I grew up in the slightly hallucinatory shadow of the oncoming millennium. The X-Files on TV, thumbing through an issue of Fortean Times. I have no personal belief in the power of a pack of cards to divine the future, but I own several tarot decks, because even though I’m a sceptic, I really enjoy occult aesthetics. It feels like home. And what could be more occult than the Death card?
Maybe it’s true though, and you shouldn’t play around with mystical forces you don’t understand, because the construction of my cake was beset with difficulties. I struggled, I moved through disaster. And I was reborn as a baker, with a completed cake that was almost what I’d envisioned.
What I wanted to make was this: Red velvet, blackberry compote, blackberry cream cheese frosting, chocolate ganache, white chocolate skull decoration, fresh blackberries. However, my delivery from the supermarket substituted half of my blackberries with blueberries and it turns out that cream cheese frosting really doesn’t want to be stable when you make it with British spreadable cream cheese and then dope it with blueberry coulis.
Also, this was my second ever cake and it turns out that I’m not very good at scaling recipes, so I ended up with twice as much cake batter as I expected and instead of splitting it into two, I simply poured it all into the same tin and then wondered why my cake took two hours to bake. Surprisingly, it came out pretty much perfect. Once the edges were trimmed, the remaining cake was still moist with the beautiful texture you’d expect from a velvet cake.
Still, with twice the cake, it seemed obvious to simply double the number of layers. Surely four layers could be no more difficult than two. Just taller, right?
For the cake, I used Stella Parks recipe from the cookbook BraveTart. This combines red wine and natural cocoa powder to achieve a reddish tint.
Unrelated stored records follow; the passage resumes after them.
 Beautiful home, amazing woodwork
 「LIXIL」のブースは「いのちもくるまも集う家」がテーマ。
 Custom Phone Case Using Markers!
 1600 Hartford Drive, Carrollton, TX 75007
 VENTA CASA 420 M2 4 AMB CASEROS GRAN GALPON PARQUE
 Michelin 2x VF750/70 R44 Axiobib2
It turns out that natural cocoa powder is pretty hard to find, so I ended up using my regular Dutch process organic cocoa, which tastes great, but doesn’t react with the acidic wine to give quite the same colour effect.
My blueberry compote was simply blueberries, sugar and enough time and heat for it to stop being runny. I passed a couple of tablespoons of this through a sieve to make a coulis for my blueberry cream cheese frosting, but there was no trace of frosting left at the end. I think the cake may simply have absorbed it overnight. The ganache was from Sally’s Baking Addiction, but I added quite a lot of black food dye to get it as dark as possible. It still wasn’t a true black, but it was dark enough for the white chocolate skull to look cool, and that was what I mostly cared about.
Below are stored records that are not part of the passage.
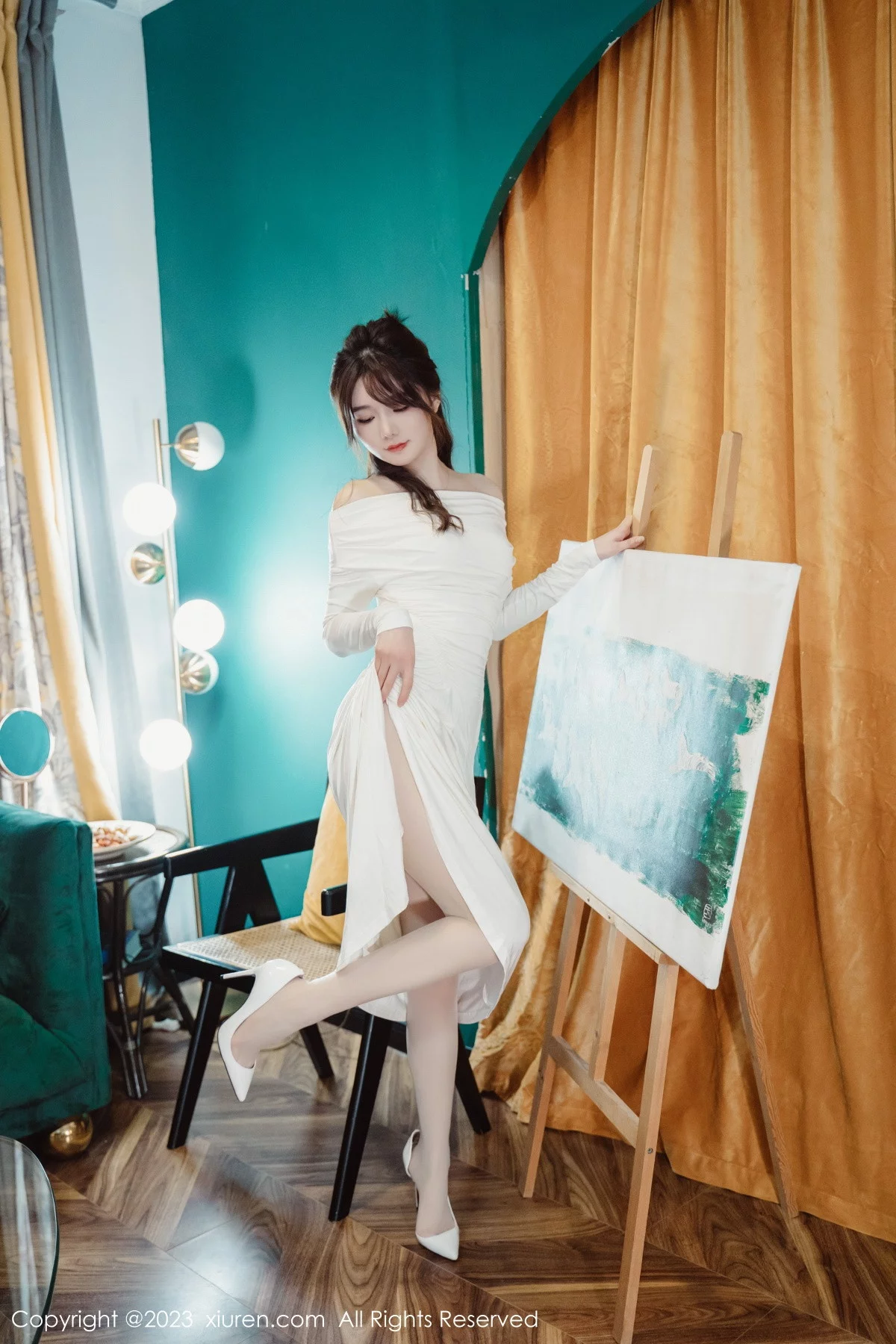 XiuRen第6182期_模特婠婠么脱白色连衣长裙露蕾丝内衣配开档白丝迷人诱惑写真79P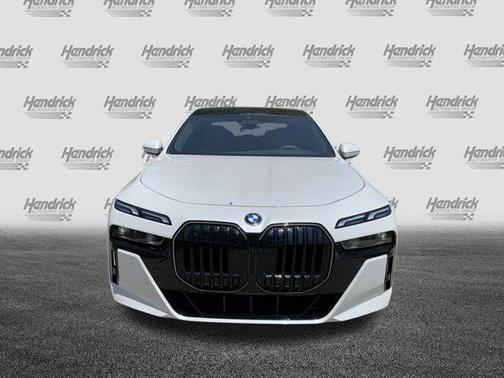 2025 BMW 740 i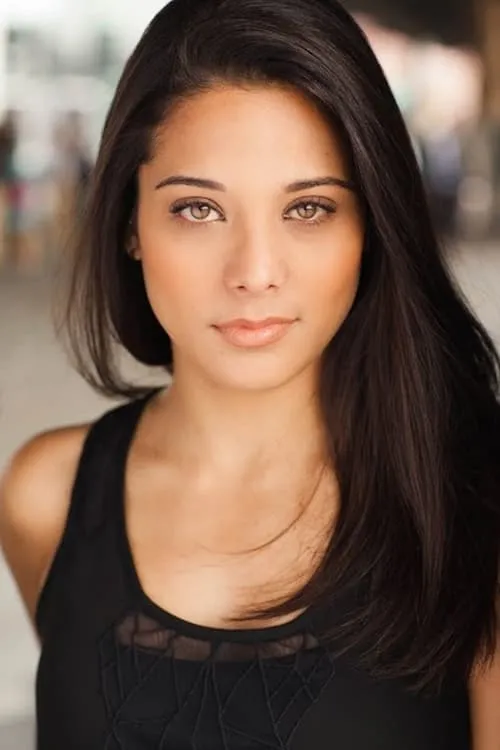 Sasha Dominy interpretando a Amber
I made the white chocolate skull by laying acetate over my phone and tracing a picture of a skull in tempered white chocolate. The white chocolate had a tendency to close up the spaces I left for the eye and nose holes, so there was a bit of sculpting afterwards with a variety of hot cutlery.
This feels like it was wildly ambitious for a second cake, but it mostly worked and I’ve certainly learned a lot from the attempt! I finished assembling the thing at 2 in the morning and we ate it the next day. I still think that blackberry compote would have worked better than the blueberry, but the jam-like compote and the rich, velvety cake worked fantastically together. Did I need the cream cheese frosting? Probably not, but I’d have liked some more colour contrast in the cake, so if I were to make it again, I’d go with the annoying-to-make, but very reliable Swiss meringue buttercream.
This was fun. People always say that baking is more of a science than savoury cooking, but for me baking is wild decisions at too late an hour. It’s doubling the layers on a whim, hands covered in ganache and tongue stained grey from the food dye.
It’s the occult.
It’s a cake that stared back at you with empty eye sockets.
It’s an incantation that transforms ingredients into something a bit magical, and as you cut the first slice, you realise, it’s not only the ingredients that have been transformed.